The SPQRQL query sent to the dbpedia Virtuoso servers looks like this:
CONSTRUCT {
?id <http://www.w3.org/2000/01/rdf-schema#label> ?v_1 .
<http://www.iks-project.eu/ontology/rick/query/QueryResultSet>
<http://www.iks-project.eu/ontology/rick/query/queryResult> ?id .
} WHERE {
{
SELECT ?id
WHERE {
?id <http://www.w3.org/2000/01/rdf-schema#label> ?v_1 .
?v_1 bif:contains '("Richard" AND "M." AND "Daley")' .
}
ORDER BY DESC ( <LONG::IRI_RANK> (?id) )
LIMIT 10
}
OPTIONAL { ?id <http://www.w3.org/2000/01/rdf-schema#label> ?v_1 . }
}
ORDER BY DESC ( <LONG::IRI_RANK> (?id) )
LIMIT 10
Only if I modify the search to "name=Richard M . Daley" than I get the reported
error.
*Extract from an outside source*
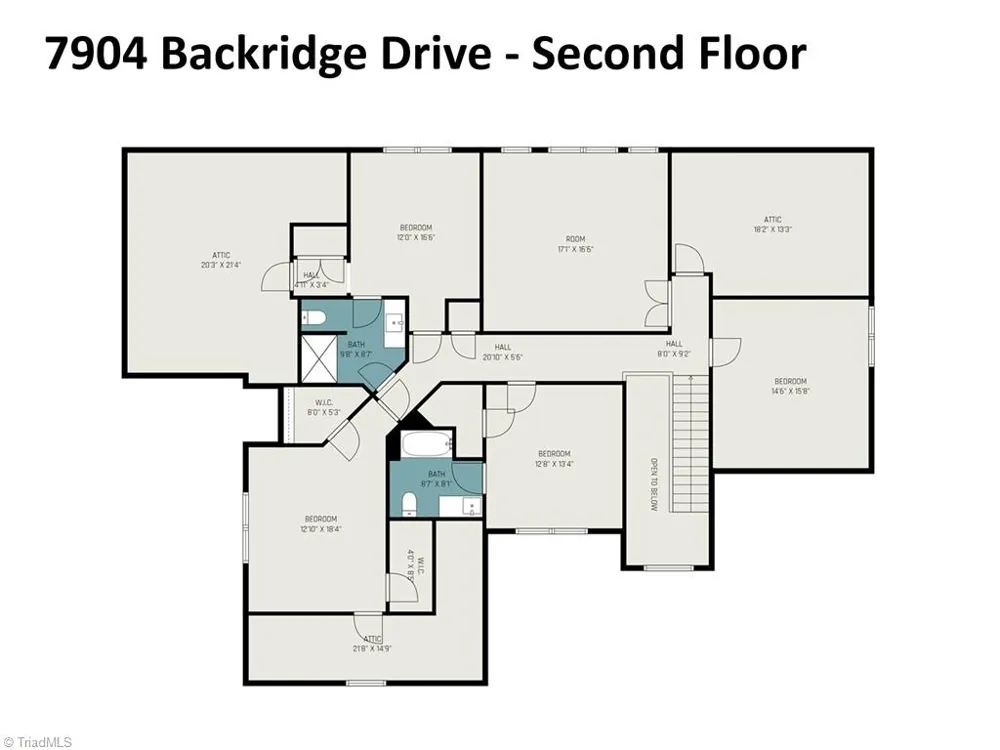 7904 Backridge Drive Stokesdale, NC 27357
Also "name=Richard M Daley" is fine but executes much slower (3.5sec
instead of 1sec for the query using "M."). Also tests with number (such as
"Richard Daley 5") executed successfully.
Interesting is that "name=Richard .M Daley" also selects
"http://dbpedia.org/resource/Richard_M._Daley". Because of this I come to the
conclusion that the used full text search engine simple ignores non
Alpha-Numeric characters. This could also explain the error, because it would
end up with an empty token.
The documentation [1] section "20.3.3. Text Expression Syntax" notes that "A
word is a sequence of word characters." but does not explicitly define what
word characters are. For now I think we should simple ignore Tokens that do not
contain a single Alpha-Numeric character.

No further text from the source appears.